As part of a delegation, put together by Canada's National Research Council, I wanted to understand the current Israeli state of mind with respect to energy conservation and advances in renewable energy. At the same time I was tasked to determine if there was an opportunity to expand my client's energy consumption benchmarking software to Israel.
Having received no pre-briefing from the Canadian embassy, I started to assemble my own comparative study between the situation in Ontario/Canada and that of Israel.
Some of the factors I used in the comparison included a look at carbon inventories of both countries, electricity generation capacity and consumption patterns between residential, commercial, institutional and industrial users in order to establish a numerical baseline.
It was also important to develop a clear understanding of which ministries in the Israeli government had control of the various programs which would incent various stakeholders either to conserve energy or provide additional energy to the Israeli power grid coming from renewable sources.
To get a bit of a cultural grounding, I pretended to be a new immigrant. I used that perspective to gain an understanding of how the relationship between the customer and the utilities which provide electricity and water worked, at least theory.
I also looked for school based programs in Israel similar to the Ontario EcoSchools program which would teach elementary and secondary school students about environmental issues and allow them to select activities to implement at school in order to learn by experience.

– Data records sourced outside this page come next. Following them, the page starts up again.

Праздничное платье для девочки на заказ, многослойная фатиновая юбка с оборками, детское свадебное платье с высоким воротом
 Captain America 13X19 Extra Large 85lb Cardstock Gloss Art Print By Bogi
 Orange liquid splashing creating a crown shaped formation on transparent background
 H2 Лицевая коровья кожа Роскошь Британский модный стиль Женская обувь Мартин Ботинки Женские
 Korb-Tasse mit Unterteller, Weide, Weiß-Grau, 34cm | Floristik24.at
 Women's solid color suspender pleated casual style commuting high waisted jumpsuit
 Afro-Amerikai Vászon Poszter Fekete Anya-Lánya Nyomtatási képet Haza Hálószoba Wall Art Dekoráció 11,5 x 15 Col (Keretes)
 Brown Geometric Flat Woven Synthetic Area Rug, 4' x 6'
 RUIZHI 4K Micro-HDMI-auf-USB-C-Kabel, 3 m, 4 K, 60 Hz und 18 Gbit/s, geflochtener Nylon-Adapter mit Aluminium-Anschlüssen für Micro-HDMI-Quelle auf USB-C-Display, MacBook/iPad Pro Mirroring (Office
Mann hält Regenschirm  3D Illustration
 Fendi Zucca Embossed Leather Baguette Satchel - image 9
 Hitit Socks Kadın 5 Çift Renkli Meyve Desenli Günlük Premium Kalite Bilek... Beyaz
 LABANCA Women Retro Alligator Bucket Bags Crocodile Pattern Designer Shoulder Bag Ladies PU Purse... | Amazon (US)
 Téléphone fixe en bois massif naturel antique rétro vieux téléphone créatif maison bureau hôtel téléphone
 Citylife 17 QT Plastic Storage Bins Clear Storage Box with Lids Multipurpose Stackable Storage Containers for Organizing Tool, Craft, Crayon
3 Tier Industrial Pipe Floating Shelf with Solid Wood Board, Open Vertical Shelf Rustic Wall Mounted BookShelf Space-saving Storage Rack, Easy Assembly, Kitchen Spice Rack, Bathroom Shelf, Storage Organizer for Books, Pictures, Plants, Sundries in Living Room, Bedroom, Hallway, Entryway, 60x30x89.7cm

When looking at the schools, it was important to establish whether the people responsible for school building operations were already measuring the total energy consumption of each school, understanding the major energy consumption contributors and then having the ability and financial support needed to execute appropriate energy conservation and/or renewable energy generation measures.
What was also critical was whether school operations had found a way to connect their actions to relevant parts of the school curriculum. Was there a way to show students not only what was done, but how the science behind the conservation effort worked. Were there lessons available to explain the economics behind the decision to implement the solution? Was there a clear connection made to help students understand how the schools actions would have an impact on the overall goal for energy conservation and renewable energy generation in Israel. Would students be inspired to come up with additional ideas and would the operations side be in a position to implement them.
However, what struck me the most was the grassroots effort in Israel to deal with these opportunities. Many Non Governmental Organizations were spending more time soliciting sponsorship, as opposed to executing against an organized plan to collaboratively bring their individual strengths together with the objective of inspiring measurable behavioral change in Israeli society around environmental impact.
Over the next few columns, I will be going into more detail on the discoveries made and how Israel and Canada compare.